Saat ini pendidikan kesetaraan masuk pada era Revolusi Industri 4.0, yaitu dengan pembelajaran daring. Direktorat sudah mengembangkan Learning Management System (LMS) dengan tajuk seTARA daring.
Dengan metode itu, satuan pendidikan bisa membuka kelas-kelas daring yang memungkinkan peserta didik belajar kapan saja dan di mana saja. Fleksibilitas pendidikan kesetaraan juga memungkinkan untuk disesuaikan dengan konteks peserta didik. Dengan demikian, sangat memungkinkan disesuaikan dengan potensi daerah. Namun, standar kompetensi lulusan (SKL) tetap menjadi quality control-nya.
Tahun ini target pelaksanaan asesmen nasional (AN) diubah menjadi September sampai dengan Oktober 2021. Hal ini untuk memastikan agar persiapan logistik, infrastruktur, dan protokol kesehatan lebih optimal. Di samping itu, juga digunakan untuk menyosialisasikan dan berkoordinasi lebih masif dengan pemerintah daerah.
Tidak bisa dimungkiri pembelajaran jarak jauh (PJJ) akibat pandemi covid-19 di Indonesia telah berlangsung satu tahun. Namun, bagi sebagian besar pelaku pendidikan di Indonesia dikhawatirkan akan terjadi kehilangan minat belajar pada siswa karena berkurangnya intensitas interaksi guru dan siswa saat proses pembelajaran.
Kemendikbud dapat menghitung kehilangan minat belajar itu melalui penyelenggaraan asesmen nasional (AN), yang rencananya dilakukan September 2021. Selain itu, melalui AN juga terpetakan sekolah yang akan mendapatkan bantuan dari pemerintah sesuai kebutuhan sekolah itu.

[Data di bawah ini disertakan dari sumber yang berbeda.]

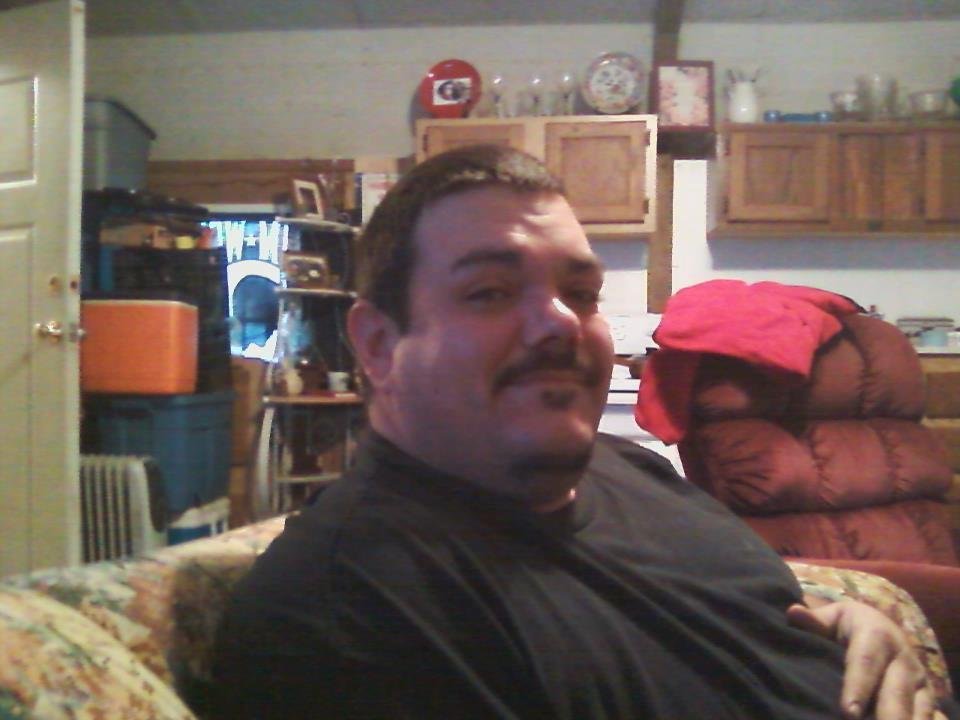 Nolan Fields' album, Profile Pictures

AN yang terdiri dari asesmen kompetensi minimum, survei karakter, dan survei lingkungan belajar ini juga berguna untuk membantu sekolah memperbaiki performa layanan pendidikannya menjadi lebih baik. AN bukan untuk menghukum sekolah. AN bukan untuk mengevaluasi siswa, bahkan menambah beban siswa ataupun sebagai syarat dalam penerimaan peserta didik baru (PPDB).
Tidak ada konsekuensi untuk siswa, tetapi dirancang untuk memperbaiki sistem pendidikan dasar dan menengah. Di sisi lain, evaluasi kompetensi peserta didik menjadi tanggung jawab guru, sekolah, dan pemerintah daerah.